December Series: The Incarnation-Christ’s True Humanity

The true humanity of Jesus Christ in His incarnation is as absolutely indispensable as His virgin birth.  Perhaps little is understood today of what it means that Jesus Christ took on a true, though sinless, humanity.  Certainly, this doctrine not only has huge ramifications for our theology but also for our stand against particular heresies.  In an age of professing Christianity that can be largely designated by a desire to be as ecumenical as the day is long, it is certainly a sign of how little some understand the Incarnation when Bible-believing, Protestant Christians want to hold hands with the prosperity gospel or the Roman Catholic Church.  I get ahead of myself.  First, let’s consider today, Beloved, the true humanity of Christ.

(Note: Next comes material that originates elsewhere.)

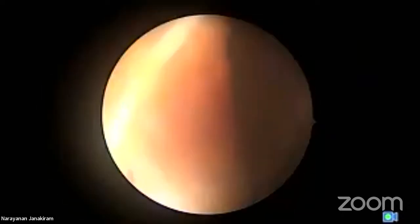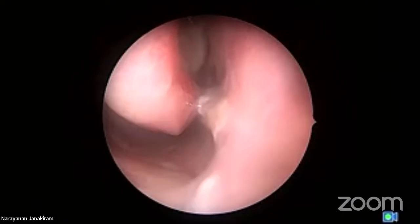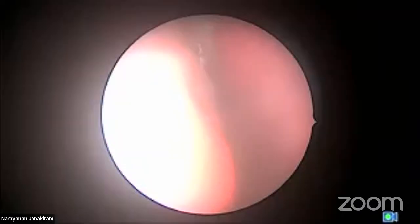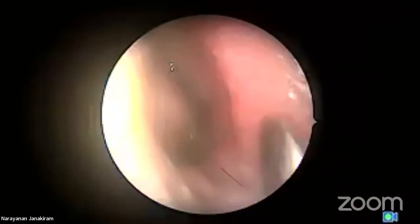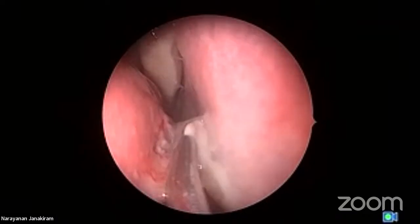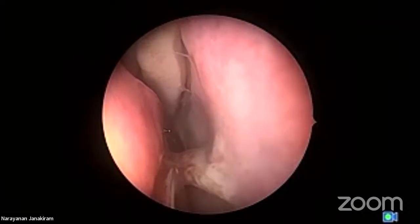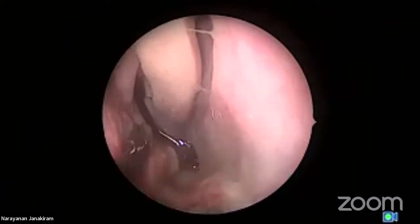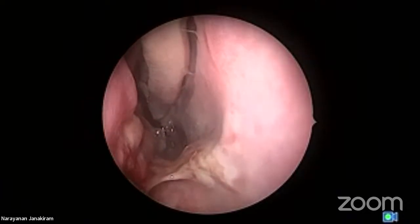We'll have to do a diagnostic nasal endoscopy, which I'm going to do right now. He was packed elsewhere and sent here. Always don't pack a case of epistaxis — even preoperatively, don't pack. See here, this trauma is because of the packing. I'm now going to show you what is the cause of his epistaxis. Whenever you see a case of epistaxis with suction, always go towards the nasopharynx — that is formula number one.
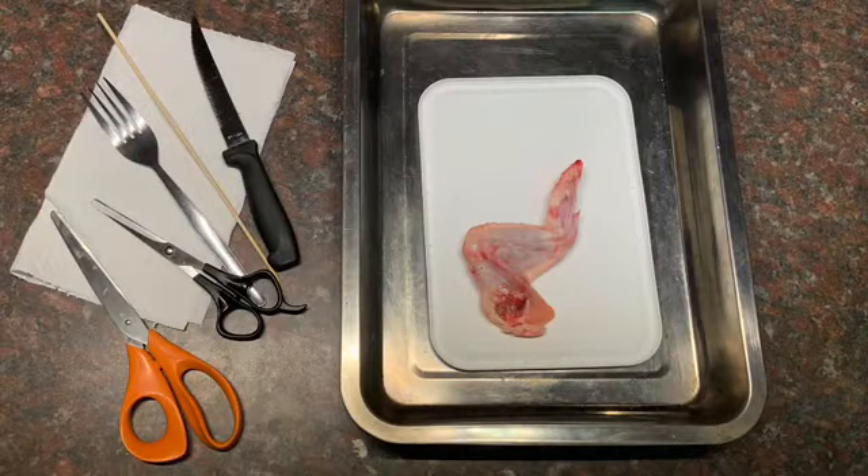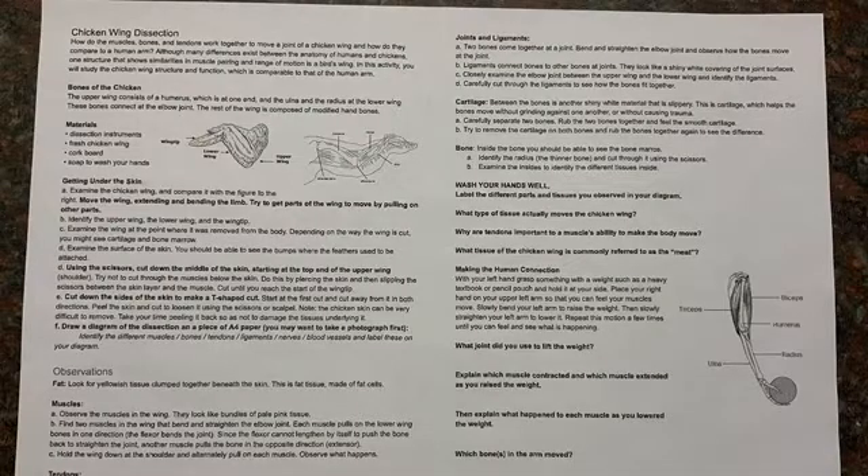You're going to need a raw chicken wing and some cutting tools like a pair of scissors, a very sharp knife, and then something to pick out things with like a skewer. Don't forget your worksheet, which also has the questions on it that you need to answer.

Christ’s humanity was a sinless, true, and representative humanity. There are worlds of theology wrapped up in this point, and later we’ll see how it shaped the conflict of the early church for centuries.  From the very first promise of Christ in Genesis 3:15, an actual descendant through mankind was promised and then reaffirmed throughout the numerous prophecies of Christ to come.  Christ’s humanity was real in its physical composure—he possessed a real human body just like ours.  Even when glorified, yet He still possessed true humanity and therefore instructed Thomas to feel His body and see His wounds.  Christ’s humanity was sinless.  He was necessarily born of a virgin, conceived by the Holy Ghost in the womb of Mary.  In being born of a virgin, Christ did not receive the sin nature of the fallen Adam but rather was placed in this sin-cursed world similar to Adam’s placement in the Garden—without the motions or desires of sin in His breast.  In every aspect of Christ’s conception, birth, life, and death, He was the sinless and uncorrupted Son of God (1 Peter 1:18).  Christ’s humanity was also a representative humanity, for He was the Second Adam, standing in representative fashion over and for all that He came to save (1 Corinthians 15:45).  Just as in Adam all men die, so in Christ all who are His people are made alive and God the Father sees us therefore perfect because, by the divine operation of the new birth, we are “complete in him” (1 Corinthians 15:22, Colossians 2:10).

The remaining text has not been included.